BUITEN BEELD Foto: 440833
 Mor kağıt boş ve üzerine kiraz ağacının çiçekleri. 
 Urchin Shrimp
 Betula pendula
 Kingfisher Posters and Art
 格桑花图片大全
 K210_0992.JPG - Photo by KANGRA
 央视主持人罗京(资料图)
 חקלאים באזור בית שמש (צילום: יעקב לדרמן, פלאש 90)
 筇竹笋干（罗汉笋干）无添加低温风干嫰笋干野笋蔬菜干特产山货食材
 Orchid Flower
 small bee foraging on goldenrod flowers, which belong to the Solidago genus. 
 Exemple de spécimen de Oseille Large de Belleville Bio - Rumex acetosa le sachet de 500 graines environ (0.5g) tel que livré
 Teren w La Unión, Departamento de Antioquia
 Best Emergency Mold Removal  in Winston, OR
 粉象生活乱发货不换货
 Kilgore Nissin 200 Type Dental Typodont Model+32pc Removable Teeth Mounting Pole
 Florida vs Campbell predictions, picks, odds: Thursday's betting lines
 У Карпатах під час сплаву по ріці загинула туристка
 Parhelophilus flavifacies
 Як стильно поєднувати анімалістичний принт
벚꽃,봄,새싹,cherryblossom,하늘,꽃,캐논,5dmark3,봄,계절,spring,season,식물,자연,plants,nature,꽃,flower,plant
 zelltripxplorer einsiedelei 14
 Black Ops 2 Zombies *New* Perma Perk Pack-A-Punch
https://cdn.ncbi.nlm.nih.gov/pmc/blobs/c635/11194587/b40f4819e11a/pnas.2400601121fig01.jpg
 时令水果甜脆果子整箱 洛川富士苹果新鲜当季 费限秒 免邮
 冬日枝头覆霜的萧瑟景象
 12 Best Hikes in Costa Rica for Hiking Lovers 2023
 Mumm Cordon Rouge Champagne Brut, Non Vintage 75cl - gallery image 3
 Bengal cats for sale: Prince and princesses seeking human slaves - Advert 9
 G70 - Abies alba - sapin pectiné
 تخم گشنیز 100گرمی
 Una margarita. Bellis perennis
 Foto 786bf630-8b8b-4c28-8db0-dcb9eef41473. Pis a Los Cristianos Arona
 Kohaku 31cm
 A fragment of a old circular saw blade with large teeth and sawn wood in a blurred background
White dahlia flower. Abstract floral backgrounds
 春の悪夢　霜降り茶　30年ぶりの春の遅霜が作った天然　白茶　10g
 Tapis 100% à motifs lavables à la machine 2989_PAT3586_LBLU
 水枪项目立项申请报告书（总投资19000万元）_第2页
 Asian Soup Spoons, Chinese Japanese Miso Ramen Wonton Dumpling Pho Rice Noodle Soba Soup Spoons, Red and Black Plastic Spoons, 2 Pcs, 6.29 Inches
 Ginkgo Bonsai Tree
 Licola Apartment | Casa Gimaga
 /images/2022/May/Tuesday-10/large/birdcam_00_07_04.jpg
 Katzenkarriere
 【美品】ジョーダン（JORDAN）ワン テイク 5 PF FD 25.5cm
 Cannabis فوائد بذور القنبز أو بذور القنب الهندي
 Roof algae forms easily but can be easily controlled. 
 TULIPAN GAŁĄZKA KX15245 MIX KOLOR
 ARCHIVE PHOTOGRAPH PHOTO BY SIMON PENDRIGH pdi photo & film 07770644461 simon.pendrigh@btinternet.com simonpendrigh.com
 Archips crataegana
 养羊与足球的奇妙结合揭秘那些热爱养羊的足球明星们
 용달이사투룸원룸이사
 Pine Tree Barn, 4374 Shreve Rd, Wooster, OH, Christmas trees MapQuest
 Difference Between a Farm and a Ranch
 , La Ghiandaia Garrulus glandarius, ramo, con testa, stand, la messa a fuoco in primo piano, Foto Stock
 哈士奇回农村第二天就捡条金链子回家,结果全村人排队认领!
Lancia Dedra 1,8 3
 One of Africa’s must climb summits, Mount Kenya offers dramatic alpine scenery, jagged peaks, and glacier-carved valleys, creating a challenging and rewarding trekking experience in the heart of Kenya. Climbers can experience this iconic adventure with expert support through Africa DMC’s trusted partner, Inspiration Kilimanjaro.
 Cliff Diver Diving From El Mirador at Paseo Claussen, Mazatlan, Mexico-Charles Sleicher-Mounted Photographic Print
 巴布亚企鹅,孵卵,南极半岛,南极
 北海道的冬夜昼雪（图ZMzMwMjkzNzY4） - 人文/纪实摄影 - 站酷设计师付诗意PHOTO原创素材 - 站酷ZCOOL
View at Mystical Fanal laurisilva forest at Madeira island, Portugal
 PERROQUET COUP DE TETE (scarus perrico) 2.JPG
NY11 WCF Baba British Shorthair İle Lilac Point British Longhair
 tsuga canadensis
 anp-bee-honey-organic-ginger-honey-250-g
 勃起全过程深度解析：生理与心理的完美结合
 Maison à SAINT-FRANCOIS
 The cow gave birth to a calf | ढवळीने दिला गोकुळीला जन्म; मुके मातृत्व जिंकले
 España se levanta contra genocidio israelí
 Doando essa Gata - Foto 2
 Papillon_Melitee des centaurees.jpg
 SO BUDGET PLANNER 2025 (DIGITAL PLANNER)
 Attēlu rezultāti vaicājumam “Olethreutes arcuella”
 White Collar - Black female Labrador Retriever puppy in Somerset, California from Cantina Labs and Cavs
·····
> **Task statement**
Reproduce the records above word for word.

> **Exercise response**
BUITEN BEELD Foto: 440833
 Mor kağıt boş ve üzerine kiraz ağacının çiçekleri. 
 Urchin Shrimp
 Betula pendula
 Kingfisher Posters and Art
 格桑花图片大全
 K210_0992.JPG - Photo by KANGRA
 央视主持人罗京(资料图)
 חקלאים באזור בית שמש (צילום: יעקב לדרמן, פלאש 90)
 筇竹笋干（罗汉笋干）无添加低温风干嫰笋干野笋蔬菜干特产山货食材
 Orchid Flower
 small bee foraging on goldenrod flowers, which belong to the Solidago genus. 
 Exemple de spécimen de Oseille Large de Belleville Bio - Rumex acetosa le sachet de 500 graines environ (0.5g) tel que livré
 Teren w La Unión, Departamento de Antioquia
 Best Emergency Mold Removal  in Winston, OR
 粉象生活乱发货不换货
 Kilgore Nissin 200 Type Dental Typodont Model+32pc Removable Teeth Mounting Pole
 Florida vs Campbell predictions, picks, odds: Thursday's betting lines
 У Карпатах під час сплаву по ріці загинула туристка
 Parhelophilus flavifacies
 Як стильно поєднувати анімалістичний принт
벚꽃,봄,새싹,cherryblossom,하늘,꽃,캐논,5dmark3,봄,계절,spring,season,식물,자연,plants,nature,꽃,flower,plant
 zelltripxplorer einsiedelei 14
 Black Ops 2 Zombies *New* Perma Perk Pack-A-Punch
https://cdn.ncbi.nlm.nih.gov/pmc/blobs/c635/11194587/b40f4819e11a/pnas.2400601121fig01.jpg
 时令水果甜脆果子整箱 洛川富士苹果新鲜当季 费限秒 免邮
 冬日枝头覆霜的萧瑟景象
 12 Best Hikes in Costa Rica for Hiking Lovers 2023
 Mumm Cordon Rouge Champagne Brut, Non Vintage 75cl - gallery image 3
 Bengal cats for sale: Prince and princesses seeking human slaves - Advert 9
 G70 - Abies alba - sapin pectiné
 تخم گشنیز 100گرمی
 Una margarita. Bellis perennis
 Foto 786bf630-8b8b-4c28-8db0-dcb9eef41473. Pis a Los Cristianos Arona
 Kohaku 31cm
 A fragment of a old circular saw blade with large teeth and sawn wood in a blurred background
White dahlia flower. Abstract floral backgrounds
 春の悪夢　霜降り茶　30年ぶりの春の遅霜が作った天然　白茶　10g
 Tapis 100% à motifs lavables à la machine 2989_PAT3586_LBLU
 水枪项目立项申请报告书（总投资19000万元）_第2页
 Asian Soup Spoons, Chinese Japanese Miso Ramen Wonton Dumpling Pho Rice Noodle Soba Soup Spoons, Red and Black Plastic Spoons, 2 Pcs, 6.29 Inches
 Ginkgo Bonsai Tree
 Licola Apartment | Casa Gimaga
 /images/2022/May/Tuesday-10/large/birdcam_00_07_04.jpg
 Katzenkarriere
 【美品】ジョーダン（JORDAN）ワン テイク 5 PF FD 25.5cm
 Cannabis فوائد بذور القنبز أو بذور القنب الهندي
 Roof algae forms easily but can be easily controlled. 
 TULIPAN GAŁĄZKA KX15245 MIX KOLOR
 ARCHIVE PHOTOGRAPH PHOTO BY SIMON PENDRIGH pdi photo & film 07770644461 simon.pendrigh@btinternet.com simonpendrigh.com
 Archips crataegana
 养羊与足球的奇妙结合揭秘那些热爱养羊的足球明星们
 용달이사투룸원룸이사
 Pine Tree Barn, 4374 Shreve Rd, Wooster, OH, Christmas trees MapQuest
 Difference Between a Farm and a Ranch
 , La Ghiandaia Garrulus glandarius, ramo, con testa, stand, la messa a fuoco in primo piano, Foto Stock
 哈士奇回农村第二天就捡条金链子回家,结果全村人排队认领!
Lancia Dedra 1,8 3
 One of Africa’s must climb summits, Mount Kenya offers dramatic alpine scenery, jagged peaks, and glacier-carved valleys, creating a challenging and rewarding trekking experience in the heart of Kenya. Climbers can experience this iconic adventure with expert support through Africa DMC’s trusted partner, Inspiration Kilimanjaro.
 Cliff Diver Diving From El Mirador at Paseo Claussen, Mazatlan, Mexico-Charles Sleicher-Mounted Photographic Print
 巴布亚企鹅,孵卵,南极半岛,南极
 北海道的冬夜昼雪（图ZMzMwMjkzNzY4） - 人文/纪实摄影 - 站酷设计师付诗意PHOTO原创素材 - 站酷ZCOOL
View at Mystical Fanal laurisilva forest at Madeira island, Portugal
 PERROQUET COUP DE TETE (scarus perrico) 2.JPG
NY11 WCF Baba British Shorthair İle Lilac Point British Longhair
 tsuga canadensis
 anp-bee-honey-organic-ginger-honey-250-g
 勃起全过程深度解析：生理与心理的完美结合
 Maison à SAINT-FRANCOIS
 The cow gave birth to a calf | ढवळीने दिला गोकुळीला जन्म; मुके मातृत्व जिंकले
 España se levanta contra genocidio israelí
 Doando essa Gata - Foto 2
 Papillon_Melitee des centaurees.jpg
 SO BUDGET PLANNER 2025 (DIGITAL PLANNER)
 Attēlu rezultāti vaicājumam “Olethreutes arcuella”
 White Collar - Black female Labrador Retriever puppy in Somerset, California from Cantina Labs and Cavs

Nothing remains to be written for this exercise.